A set of vertical stripes progressing from shades of blue to red and purple has become a symbol of Earth’s changing climate.
Emblazoned on items ranging from the sleeves of soccer jerseys in England and beer cans in Arizona to a climate handbook and knitted scarves, climate stripes are a widespread phenomenon that has engaged people in conversations about the warming world. The stripes’ creator, Ed Hawkins, is a climate scientist at the University of Reading in the United Kingdom.
An astrophysicist turned climate expert, Hawkins realized he wanted to become a scientist in his teenage years. “I used to read lots of popular science books and magazines and became fascinated by the stories of people and the discoveries they were making,” he said.
In the mid-1990s, Hawkins earned a master’s degree in astrophysics and then moved on to a Ph.D. at the University of Nottingham.
“I felt I needed something that could be more directly useful to people.”
“I loved astrophysics, and I still do,” Hawkins said. “But at the same time, I felt I needed something that could be more directly useful to people.”
Hawkins isn’t sure what made him realize that studying climate was a viable option, but he decided to pursue another master’s degree, this time in climate science at the University of Reading.
It wasn’t hard to find common ground between astrophysics and climate change. “They are both observational sciences, as you can’t do controlled experiments,” he said. “Just like we have models for the weather and climate, there are models for the universe in astrophysics.” These similarities, he recalled, smoothed what could otherwise have been a bumpy transition.
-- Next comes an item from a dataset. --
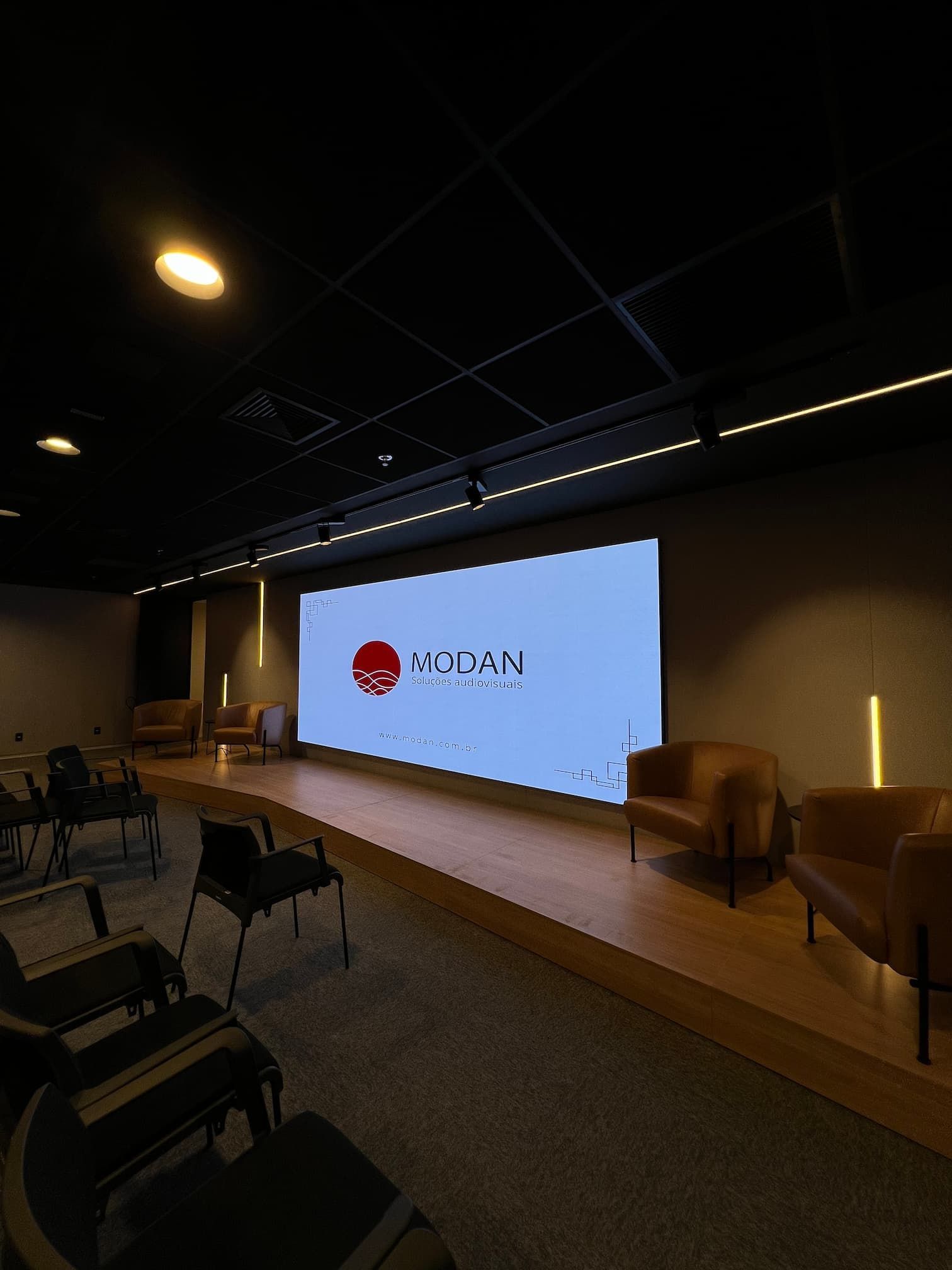 SOLUÇÕES AUDIOVISUAIS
These stripes, representing average global temperatures for the period 1850–2022, change from mainly blue to mainly red in recent years, illustrating the rise in average temperatures. Credit: Ed Hawkins, University of Reading, CC BY 4.0
“I think it is very helpful to bring people from outside the [climate] field to provide fresh perspectives and bring in new techniques and insights,” he said.
One of Hawkins’s fresh perspectives translated into a success story in climate communication. Climate stripes sprang from a collaboration with children’s author and poet Nicola Davies at the 2018 Hay Festival of Literature & Arts in Wales. The stripes evolved from a spiral representation that Hawkins had already been using since 2016 to convey the climate urgency message and had already gone big; the visual had been displayed at the opening of the 2016 Summer Olympics in Rio de Janeiro.
“I’m really glad about the stripes’ power to start conversations about climate change.”
Being a visual learner helped Hawkins think about how to communicate climate data. “When I started, I had to learn very fast about climate science [to advance] in my new role, so making visuals was always something interesting to me,” he shared.
Hawkins’s work has given him wide recognition, including the Royal Meteorological Society’s Climate Science Communication Award in 2017 and a Member of the Order of the British Empire appointment in 2020.
“I’m really glad about the stripes’ power to start conversations about climate change,” Hawkins said.